What’s the first place you would look to find out the nutrient composition of a food or drink product? How about its ingredients? When will it expire?
Almost everyone knows that labels on the back of food and drink products can tell us a lot about them, from their ingredients and nutritional composition, to other details like the storage and use. But can we all in good conscious say that we rigorously check the label for every product that we buy? Probably not. And what’s more, do the labels (and what’s on them) change our eating habits?
It begs the question, how can we design food and drink packaging in such a way to include all the information that the consumer wants to know, in a way that they can both legibly read and understand, whilst maintaining the freedom to market and brand your products in an appealing and competitive way? And how can society influence healthier and more sustainable consumer habits?
Food and drink manufacturers, governments, and researchers are looking at new ways to inform consumers about the food and drink that we buy, cook, and consume. Balancing these competing demands is the crux of the issue.
The European Commission will soon propose a revision of the EU rules on food information to consumers. The revision is expected to focus on some specific aspects of food labelling: front-of-pack nutrition labelling, nutrient profiles for health and nutrition claims, country-of-origin labelling, date marking, and labelling of alcoholic beverages. These have been identified by the European Commission’s Farm to Fork Strategy as some of the tools needed to empower consumers to make informed, healthy, and sustainable food choices.
However, as it stands, there is a significant untapped potential in the Food Information to Consumers Regulation, which could facilitate the shift towards healthier and more sustainable diets. For instance, more consumer-friendly labelling of salt alternatives (e.g., “potassium salt” instead of “potassium chloride”) may help consumers understand new reformulated recipes and make it simpler for people to reduce salt intake in their diets. Likewise with “iodised salt”. These are just some examples where much more could be done with current legislation to steer consumption patterns on a more nutritious path.
And what about digital labelling? Putting the sole emphasis on physical food labels is not suitable for 21st century food systems. Digital information (accessed by near-field technology, like a QR code) has the potential to provide product information in a targeted and personalised way, boosting accessibility options and reducing packaging waste, another goal of the Farm to Fork Strategy.
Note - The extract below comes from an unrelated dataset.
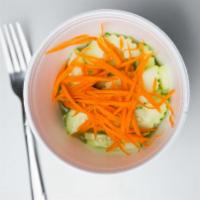 Cucumber Salad · Fresh cucumbers, carrots and red onions with Thai clear sweet dressing.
Today, Europe’s food and drink manufacturers provide a wealth of information about their products, often going beyond mandatory information requirements – about the ingredients, nutritional value, portion recommendations, cooking and storing instructions, tips to avoid food waste, and much more. Complementary to information on the label, the possibilities of alternative information channels are endless and have the potential to improve consumers’ access to more detailed information about their favourite products, if they are interested in it.
FoodDrinkEurope’s members want to improve the provision of clear, factual, and relevant food information and encourage more sustainable and healthy diets, in line with the objectives of the EU Farm to Fork Strategy.
But consumer information is not the silver bullet to improving our diets.
Labelling and consumer information must be part of a comprehensive approach that should include pan-European education campaigns about nutrition and sustainable lifestyles, which allows people to take informed responsibility over the choices they make.
Only by working across civil society and across value chains, towards this common goal, EU Institutions, Member States and industry can help shift people towards healthier and more sustainable diets and lifestyles.